RANA’S WEDDING (aka: ANOTHER DAY IN JERUSALEM)
(director: Hany Abu-Assad; screenwriters: Liana Badr/Ihab Lamey; cinematographer: Brigit Hillenius; editor: Denise Jansee; music: Bashar Abd Rabbou/Mariecke van der Linden; cast: Clara Khoury (Rana), Khalifa Natour (Khalil), Ismael Dabbag (Ramzy), Walid Abed Elsalam (Marriage Official), Zuher Fahoum (Abu Siad, Rana’s father), Bushra Karaman (Rana’s grandmother); Runtime: 90; MPAA Rating: NR; producers: Bero Beyer/George Ibrahim; Arab Film Distribution; 2002-Palestine-in Arabic with English subtitles)
“What’s interesting are the shots of daily life in East Jerusalem and how it’s seen through the eyes of the Arab heroine.”
Reviewed by Dennis Schwartz
A less than rosy outlook at the Israeli occupation of the Palestine territories, as directed by Palestinian filmmaker Hany Abu-Assad (“Paradise Now”/”Ford Transit”). It’s written byLiana Badr and Ihab Lamey.

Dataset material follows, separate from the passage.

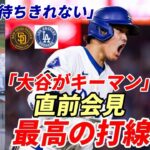 【大谷翔平】地区シリーズでＷＢＣの侍戦士４人直接対決！ダルビッシュ、松井、マチャド「私たちには勢いがある」、敵将「負ける要素ない」ロバーツ監督「過去最高の打線」ド軍 ゴームズＧＭ断言「大谷登板無い！」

It chronicles the predicament of the feisty 17-year-old Rana (Clara Khoury), who lives with her wealthy parents in occupied East Jerusalem. Her fatherAbu Siad (Zuher Fahoum) is moving to Cairo and has given her a choice,she can stay home and choose from a list of potential husbands selected by her father or she can travel to Egypt with her father to finish her studies. The headstrong Rana is in love with theater director Khalil (Khalifa Natour), a Palestinian who runs a theater in Ramalla, and wishes to make her own choice–so she chooses to marry Khalil.

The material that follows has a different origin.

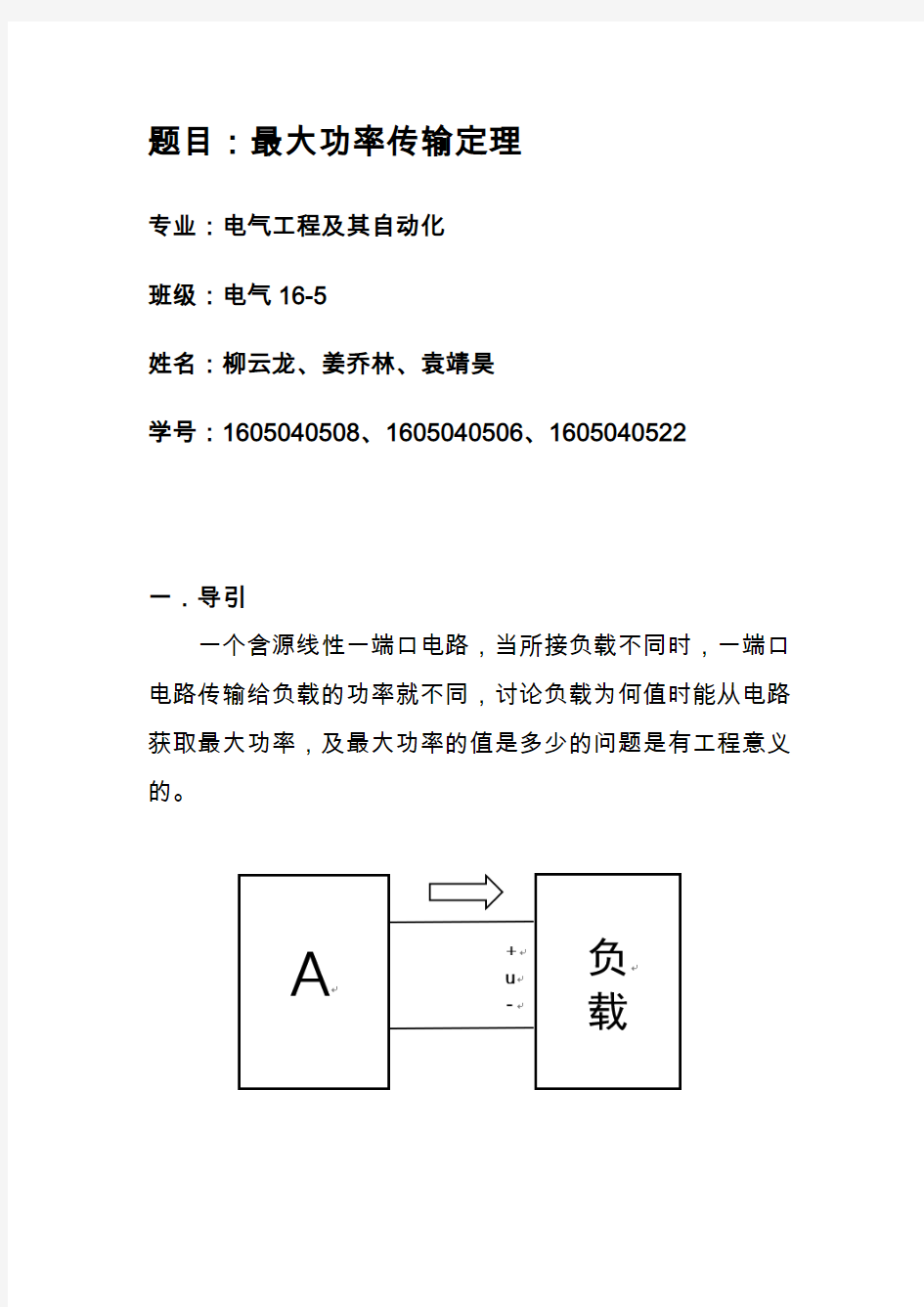 最大功率传输定理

Rana must unite with the free-spirited artistic Khalil before the 4 P.M. deadline, but the groom is unable to reach Jerusalem that night because of a bombing. They meet the next day and locate a registrar who they must convince to marry them. They also must convince her father that Khalil’s the right choice rather than the good-provider young professional men he has chosen. There’s gridlock in Jerusalem due to the roadblocks, closed borders, rock throwing Palestinian youths and the rigid Israeli authorities and their power plays, as the wedding story becomes an obvious metaphor for the hardship of life for those Palestinians who live in an occupied land. That the wedding does take place at the last minute despite both irritating and harrowing hassles, becomes a sign of hope–even if the wedding is held in a car on the road.
The slight story is eloquently told. What’s interesting are the shots of daily life in East Jerusalem and how it’s seen through the eyes of the Arab heroine. Some of the film’s grimness is removed by its unsettling comical moments and the sympathy laid on the earnest sweet young couple as the hope for a better future. Its final words, said over the credits, are from “State of Siege,” a militant poem by Mahmoud Darwish, that calls for ongoing Palestinian resistance and faith in the future.
It was shot on location in East Jerusalem, Ramallah and at checkpoints in-between.